Behind the scenes with Syria's 'emergency cinema' |

Behind the scenes with Syria’s ’emergency cinema’

Every week, a new short film is released online by the Abounaddara collective, focused on depicting life in Syria and challenging the perception of world views in an indirect fashion. The collective presented their work recently at the Human Rights Watch Film Festival in London where five of their short documentaries were on the schedule at the festival, hoping to gain further exposure not solely for the artistic aspect but also to create awareness of the experience of the Syrian people due to the political situation. The screening was accompanied by a panel discussion afterward.

abounaddara collective logo

They have been doing this consistently for about 3 years now, since the uprising in Syria began in 2011. The practice is considered a sort of “emergency cinema” says a spokesperson for the collective, Charif Kiwan and those involved in this project think of themselves as “snipers” although their weapon of choice is a camera as opposed to a gun. They hope these short, and deceptively innocuous, documentaries will serve to have an impact on the Syrian regime. The Sundance Film Festival recently awarded the collective grand jury prize for the short film Of God and Dogs for 2014.

The style and title of the collective was inspired by documentary filmmaker, Dziga Vertov, known as the man with the camera, and Abounaddara, AKA the man with the glasses, emulates his cinema verité style, with a goal to change the way Syria is viewed. The films are very short but polished and professionally captured and aim to illustrate the urgency of the situation in Syria under the current regime.

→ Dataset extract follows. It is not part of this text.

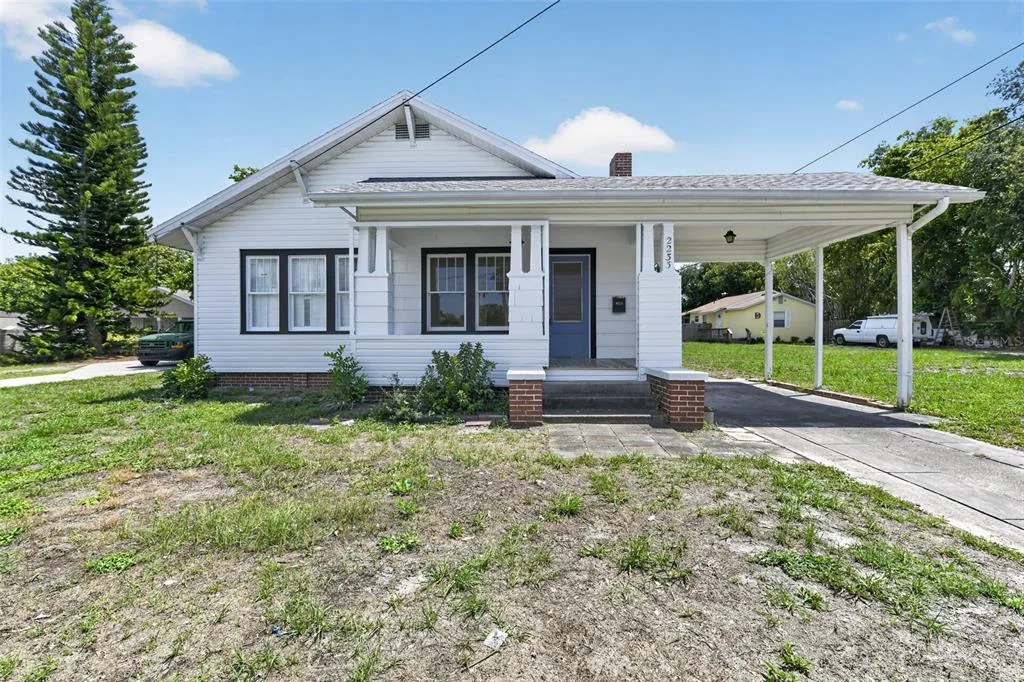 2233 11TH AVENUE W, BRADENTON, FL 34205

The films often portray individuals making quiet statements about different aspects of their lives. In some, various women speak about whether or not they want to wear a veil or pants, why they feel oppressed, and about how they feel their thinking is being slowly negatively influenced. The setting of the films generally depict ordinary living but staccato gunfire plays in the background. In other films, there are child refugees describing gruesome acts of violence against their friends showing varied emotional responses one might not expect such as confusion.

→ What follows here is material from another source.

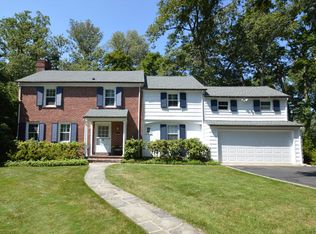 8 Woodcroft Rd, Summit, NJ 07901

While the messages delivered are not ones to which many people in free nations can relate, the backgrounds, the images, the families, the extreme ordinariness of the characters that are describing their stories are very relatable. The style of storytelling makes us envision our sisters, our fathers, our children as those that could be perpetrated by the violations of human rights that face the Syrian people. A very human face is being placed on a sensationalized media story and it reduces that scale of the news to the individual level.

While some of the context can be a bit shocking but they provide a visual documentation of the experience of the people of Syria and that helps external viewers to grasp what that may feel like. There other examples of “emergency cinema” or art appealing to humanity beyond the mass media and trying to tell a story that is frequently butchered through the eyes of propaganda and other agendas.